Frequently, in the United States and Canada continuing education courses are delivered through a division or school of continuing education of a college or university known sometimes as the university extension or extension school. The Organisation for Economic Co-operation and Development argued, however, that continuing education should be "'fully integrated into institutional life rather than being often regarded as a separate and distinctive operation employing different staff' if it is to feed into mainstream programmes and be given the due recognition deserved by this type of provision".

Georgetown University, Michigan State University, and the University of Denver have benefited from non-credit programs as it relates to strengthening partnerships with corporations and government agencies, helping to inform and shape the curriculum for degree programs, and generating revenue to support the academic enterprise.

==Comparable terminology and initiatives==
Outside the United States and Canada, comparable forms of post-initial education may be described using terms such as adult education, further education, lifelong learning, continuing professional development, upskilling or reskilling.

In Ireland, comparable continuing-education and reskilling initiatives include Springboard+, which provides free or subsidised higher-education courses for upskilling and reskilling, and the Human Capital Initiative, a €300 million programme that commenced in 2020 to expand skills-focused higher-education provision in priority areas. Ireland also has a ten-year Adult Literacy for Life strategy, launched in 2021, focused on adult literacy, numeracy and digital literacy.

== History ==
In the United Kingdom, Oxford University's Department for Continuing Education was founded in 1878, and the Institute of Continuing Education of Cambridge University dates back to 1873.

In the United States, the Chautauqua Institution, originally the Chautauqua Lake Sunday School Assembly, was founded in 1874 "as an educational experiment in out-of-school, vacation learning. It was successful and broadened almost immediately beyond courses for Sunday school teachers to include academic subjects, music, art and physical education."

Harvard University traces its origins in continuing education to 1835 when John Lowell Jr. established the Lowell Institute with a mission to provide free public lectures in Boston. In 1909, then-Harvard President A. Lawrence Lowell, who was also a trustee of the Lowell Institute, expanded plans to offer Lowell Institute public courses directly with Harvard. In 1910, Lowell formally established the Havard Extension School, then referred to as the Commission on Extension Courses. The Harvard Extension School now operates under the Faculty of Arts and Sciences and is one of the 13 degree-granting schools that make up Harvard University. The School has remained in continuous operation since 1910.

Cornell University was among higher education institutions that began offering university-based continuing education, primarily to teachers, through extension courses in the 1870s. As noted in the Cornell Era of February 16, 1877, the university offered a "Tour of the Great Lakes" program for "teachers and others" under the direction of Professor Theodore B. Comstock, head of Cornell's department of geology.

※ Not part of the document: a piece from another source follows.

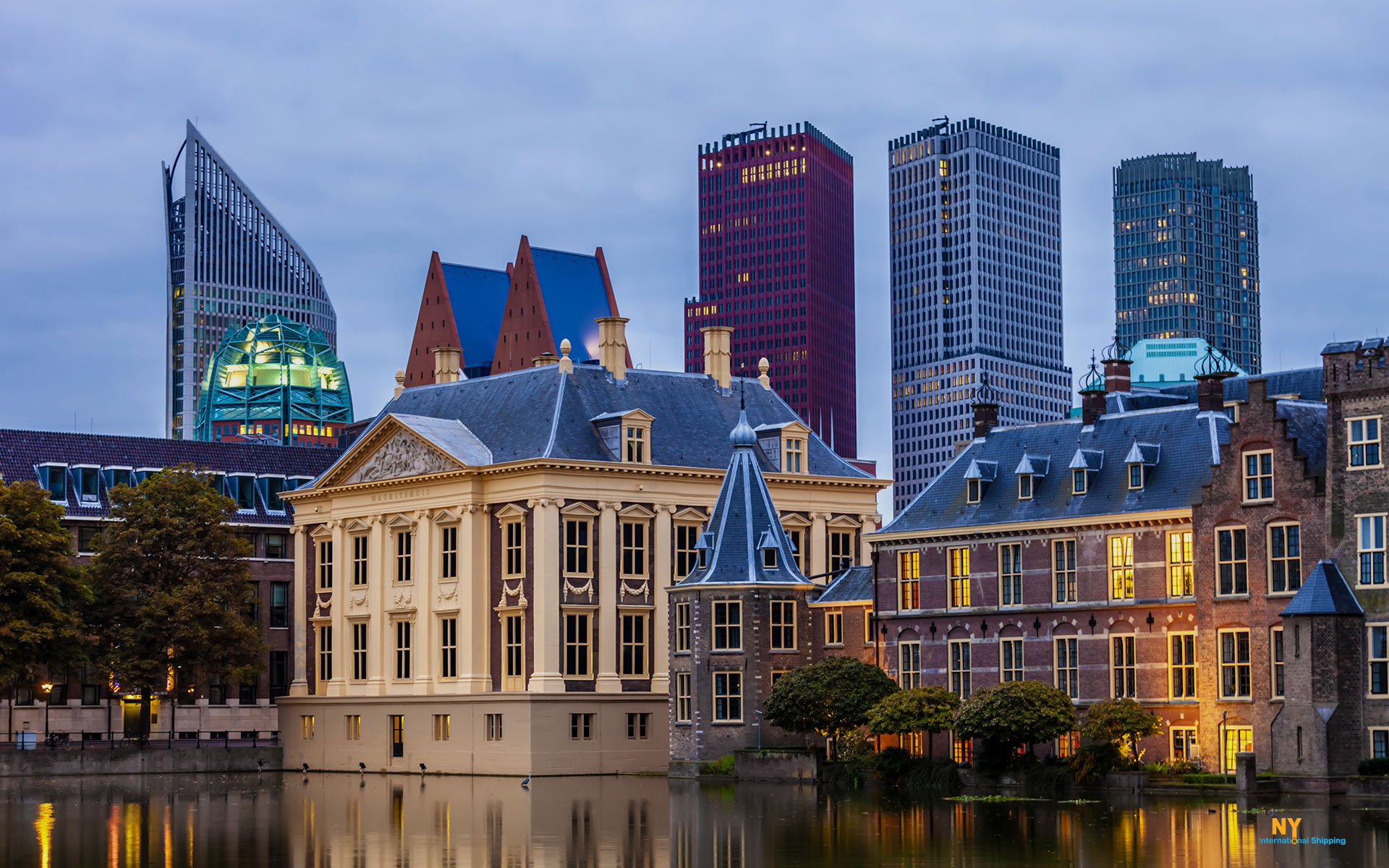 Moving to Holland, The Hague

The University of Wisconsin–Madison began its continuing education program in 1907. The New School for Social Research, founded in 1919, was initially devoted to adult education. In 1969, Empire State College, a unit of the State University of New York, was the first institution in the US to exclusively focus on providing higher education to adult learners. In 1976 the University of Florida created its own Division of Continuing Education and most courses were offered on evenings or weekends to accommodate the schedules of working students.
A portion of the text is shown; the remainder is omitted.